Случилось, однако, так, что в пьесах Шоу ему больше не довелось выступать, хотя дружеские отношения между ними сохранились. Причина была экономического свойства. Лорейн — не из жадности, а ради славы — стал запрашивать немыслимые ставки. Например, ему принес триумфальный успех «Сирано де Бержерак». Но спектакль был очень дорогим, и театральная администрация, выяснив, что даже полные сборы не покрывают всех расходов на постановку, передала антрепризу самому Лорейну. А тот и не подозревал, что оседлал смертельно раненого коня, думая, напротив, что озолотит и себя и других. Он всегда ухитрялся добиться контракта на своих условиях — бывало, самых экстравагантных. Но Шоу-экономиста разве проведешь? И ему пришлось сбросить Лорейна со счетов как слишком дорогое удовольствие.

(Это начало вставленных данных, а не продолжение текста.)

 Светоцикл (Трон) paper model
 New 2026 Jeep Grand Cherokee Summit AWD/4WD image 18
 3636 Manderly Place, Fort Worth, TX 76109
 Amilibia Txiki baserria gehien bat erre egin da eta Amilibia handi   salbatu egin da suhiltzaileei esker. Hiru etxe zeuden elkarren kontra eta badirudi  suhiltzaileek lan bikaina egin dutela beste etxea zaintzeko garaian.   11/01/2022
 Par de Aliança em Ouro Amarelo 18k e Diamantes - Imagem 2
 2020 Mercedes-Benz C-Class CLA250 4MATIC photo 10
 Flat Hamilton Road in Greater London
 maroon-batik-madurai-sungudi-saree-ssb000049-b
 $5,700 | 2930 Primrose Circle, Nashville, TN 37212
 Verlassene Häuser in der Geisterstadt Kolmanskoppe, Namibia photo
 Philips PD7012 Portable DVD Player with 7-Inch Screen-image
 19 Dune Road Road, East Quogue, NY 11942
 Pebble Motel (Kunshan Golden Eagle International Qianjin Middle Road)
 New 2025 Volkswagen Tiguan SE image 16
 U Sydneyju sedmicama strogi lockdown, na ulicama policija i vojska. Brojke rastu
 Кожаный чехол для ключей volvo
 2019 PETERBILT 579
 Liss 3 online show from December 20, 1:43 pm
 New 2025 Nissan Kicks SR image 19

Суровый опыт заставил вскоре и лондонских аптрепренеров прийти к аналогичному заключению. Лорейн стал сам вести свои дела, прогорел и в стесненных обстоятельствах отправился искать счастье за океаном. Там он притих, вошел в норму, и Шоу предложил ему играть главную роль в своей пьесе «На мели». Лорейн, видимо, «не увидел себя» в этой роли, либо не поверил в пьесу, но только Шоу получил отказ. «На мели» принесла затем успех Федеральному театру, который просуществовал недолго и которому Шоу даровал право постановки в Америке всех своих пьес, обязав дирекцию не продавать билеты дороже пятидесяти центов.
Смерть Лорейна положила конец всем их размолвкам.
Когда в одном человеке вступают в единоборство художник и пророк — такое бывает нередко в жизни знаменитых людей, — художник перед пророком пасует. Ибо отрешенность встречается в людях куда реже, чем стремление к самоутверждению. Шоу каким-то чудом удалось сохранить равновесие. Художник и пророк мирно в нем уживались. (Этим мог похвалиться прежде один только Вольтер.)
Война 1914–1918 годов потребовала от Шоу-проповедника всего пыла, какой только в нем был. Писатель Шоу между тем осторожно наносил последние штрихи, завершая «Дом, где разбиваются сердца», над которым работал с 1913 года. Да еще обдумывал драматический цикл, воплотившийся впоследствии в пенталогию «Назад, к Мафусаилу».
«Дому, где разбиваются сердца» принадлежит особое место в его творчестве. По мнению поклонников Шоу, это место — либо первое, либо последнее. (Апостолы Диккенса относятся точно так же к «Повести о двух городах».) У самого Шоу было к этой пьесе странное, ревнивое чувство. Окончив ее, он записал: «Что-то в этой вещице есть — ужасно не хочется выпускать ее из рук». Он долго не давал читать ее никому из друзей. В декабре 1916 года Ли Мэтьюз предложил ему прочесть пьесу публично и получил отказ в следующей форме:
«Милый Ли Мэтьюз!
Но это же невозможно!
Одно дело — если бы Сценическое общество собралось по-домашнему, чтобы отметить окончание на редкость удачного сезона. В этом случае чтение неопубликованной, не игравшейся и написанной знаменитым автором пьесы сошло бы за милую bonne bouche[164]. И совсем другое дело — собрать деньги на спектакль, а подсунуть чтение и подставить несчастного автора под град тухлых яиц и дохлых кошек. Я умею, и Вам это хорошо известно, рисковать своей популярностью, когда на карту поставлена судьба цивилизации. Но роль председателя собрания пайщиков, которым надо объявить о банкротстве предприятия, все же не для меня. Да еще этот грабеж мне придется производить у них на глазах.